Data Recovery Service overview

The Data Recovery Service (DRS) is a microservice in CDP Private Cloud Data Services. It allows you to back up and restore Kubernetes namespaces and resources on both Embedded Container Service (ECS) and OpenShift Container Platform (OCP) for a few services such as Control Plane and Cloudera Data Warehouse (CDW).

The following sections discuss how to back up and restore Control Plane in detail. You can contact your Cloudera account team to determine whether your CDP service supports DRS, and if so, which components of DRS are being supported.

Cloudera recommends that you create a backup of your Kubernetes namespace before a maintenance activity, before you upgrade, or in general, as a best practice.

Role required: PowerUser

By default, DRS is located in the [***CDP_INSTALLATION_NAMESPACE***]-drs namespace. For example, if the CDP Private Cloud Data Services installation is located in the cdp namespace, the drs namespace is automatically named cdp-drs. If you have multiple CDP Private Cloud Data Services installations (as in OCP), DRS is named accordingly.

When you initiate the backup event in the Backup and Restore Manager for Control Plane, DRS takes a backup of the following resources and data:
  • Kubernetes resources associated with the cdp namespace and the embedded vault namespaces of the Control Plane in CDP Private Cloud Data Services. The resources include deployment-related information, stateful sets, secrets, and configmaps.
  • Data used by the stateful pods, such as the data in the embedded database and Kubernetes persistent volume claim.

Available methods to back up and restore environment

The following methods are available to back up and restore your environment:

DRS automatic backups
Starting from CDP Private Cloud Data Services 1.5.4, DRS automatic back ups for Control Plane, CDW, and Cloudera Data Engineering (CDE) are enabled by default on ECS clusters for new installations or after cluster upgrade to version 1.5.4 or higher.
You can disable this option, if required. You can also configure the external storage in Longhorn for ECS, and then initiate the DRS automatic backup to it. For more information, see DRS automatic backups.
Service-specific CDP CLI options
You can use the CDP CLI options to back up and restore namespaces for Control Plane and CDW.
For the list of available CDP CLI options that you can use for backup and restore purposes, see drscp and dw.
Backup and Restore Manager
You can back up and restore namespaces for Control Plane and CDW on the Backup and Restore Manager page.
To access this page, click the CDP Private Cloud Data Services Management Console > Dashboard > Backup Overview > View Details option.

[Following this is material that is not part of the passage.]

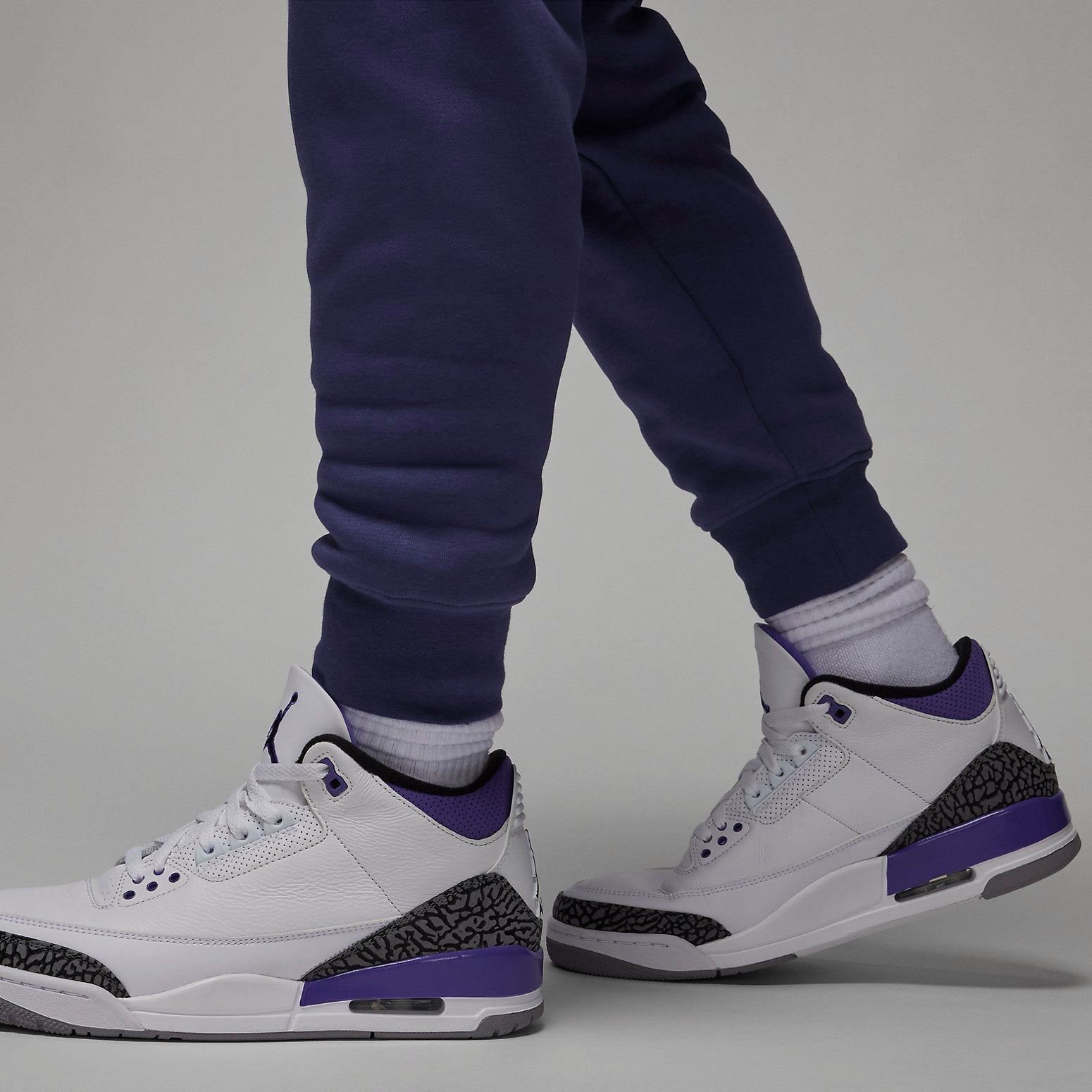 Air Jordan Essentials Fleece Pant 'Purple' FD7346-502 sold by KicksCrew product image thumbnail 5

For more information, see Access Backup and Restore Manager.

How backup and restore events work in DRS

Backup event
The backup event does not have any downtime impact, and you can backup the Control Plane while it is running.
When you create a backup, DRS:
  1. initiates the backup event or job for the chosen backup entity,

    For example, the Control Plane in CDP Private Cloud Data Services.

  2. assigns an ID called backupCrn to the backup event,

    The backupCRN appears in the CRN column on the Backup and Restore Manager > Backups tab. Click the CRN to view more details about the backup event on the Backup [***NAME OF BACKUP***] modal window.

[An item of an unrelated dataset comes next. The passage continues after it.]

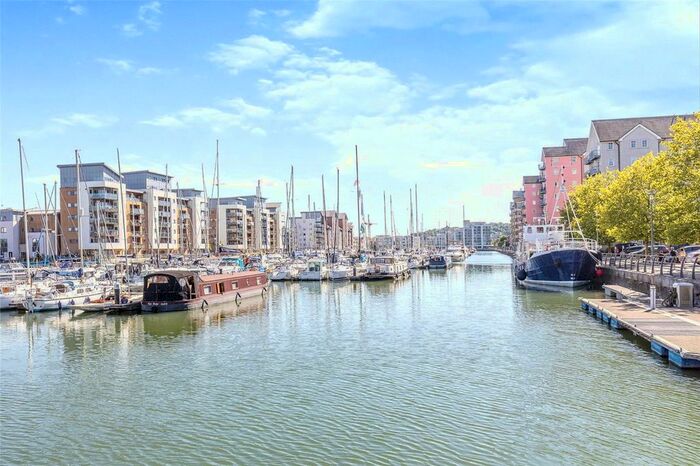 2 Bedroom Flat To Rent In Mizzen Court, Bristol, BS20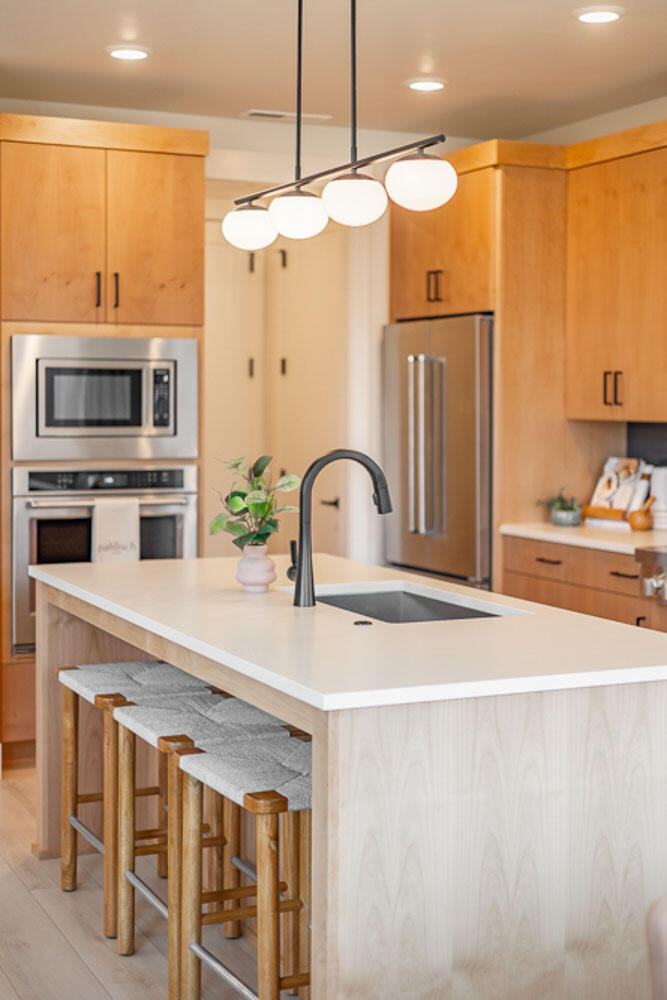 3005 NE Nipper Drive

  3. creates a backup of the persistent volume claim (PVC) snapshots of the Control Plane namespaces and the backup event's PVC.
Restore event
When you start the restore event, DRS:
  1. initiates the restore event for the chosen backup,
  2. assigns an ID called restoreCrn to the restore event,

    The restoreCRN appears as CRN on the Backup and Restore Manager > Restores tab. Click the CRN to view more details about the restore event.

  3. deletes the existing resources and data,

    During this stage of the restore event, the ECS restore vault is sealed and the POD is down which might appear as a failure in the Control Plane environment. After the restore event is complete, the vault and POD are auto-recovered and restored. Depending on the number of resources and data, this step might take a maximum of 10 minutes to complete.

  4. restores the resources and data from the backup.

    The restore event has a downtime impact because the pods and data are recreated.